WLAD LEGISLATIVE INTENT

[~20]  The purpose of the WLAD is “to deter and eradicate discrimination in Washington … [and it] is a policy of the highest order.” Id. at 246 (internal citations omitted).

[~21]  The Washington Law Against Discrimination “contains a sweeping policy statement that strongly condemns many forms of discrimination.” Id. at 246-47 (internal citations omitted).

[~22]  “The WLAD requires liberal construction of its provisions in order to accomplish the purposes of the law and states that nothing contained in the law shall be construed to deny the right to any person to institute any action or pursue any civil or criminal remedy based upon an alleged violation of his or her civil rights.” Id. at 247 (internal citations and quotation marks omitted).

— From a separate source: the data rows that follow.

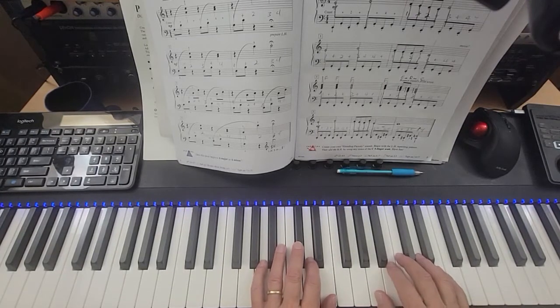One, two — oh, and by the way, you hold the damper pedal down for the whole song. Ready, go.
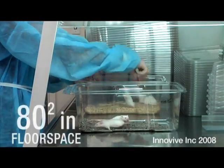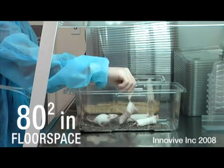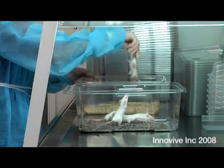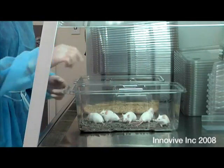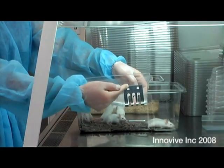Transfer your animals to the clean cage. It can accommodate up to five mice. Add feed to the food tray — do not overfill.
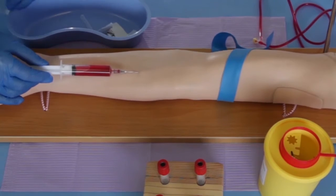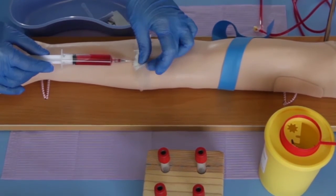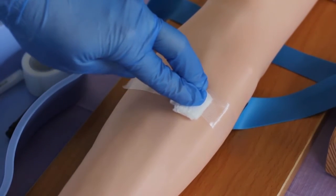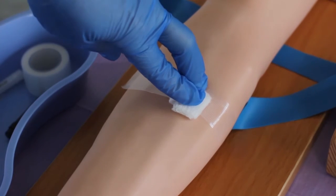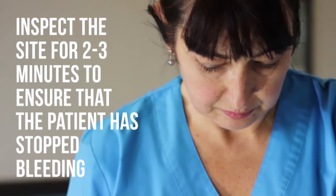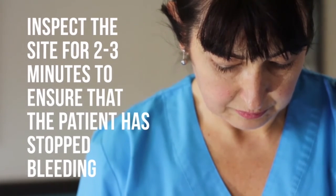Gently withdraw the needle and place a clean gauze pad or dry cotton wool ball with strapping to the site. Apply firm pressure to achieve hemostasis and avoid a hematoma. Inspect the site after 2 or 3 minutes to ensure that the bleeding has stopped.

[~23]  WLAD “exceptions should be narrowly construed.” Id. (citing Phillips v. City of Seattle, 111 Wash.2d 903, 908, 766 P.2d 1099 (1989)).

[~24]  The WLAD should be interpreted in a manner consistent with legislative intent. Id. at 255. (internal citations omitted).

[~25]  The Legislature mandated liberal interpretation of the WLAD. Id. (internal citations omitted).

WLAD GENERALLY 

[~26]  In 1949, the Washington Legislature enacted the Washington Law Against Discrimination as “a broad remedial statute” designed to “prevent and eliminate discrimination based on race, creed, color, or national origin in employment.” Id. at 237 (internal citations omitted).

[~27]  “The act recognizes that the right to be free from such discrimination is a civil right enforceable in private civil actions by members of the enumerated protected classes.” Id. (internal citations omitted).

[~28]  “Although the rights enumerated include employment, public accommodation, assemblage and amusement, the protected rights are not limited to those.” Id. at 237 (referencing RCW 49.60.030(1)).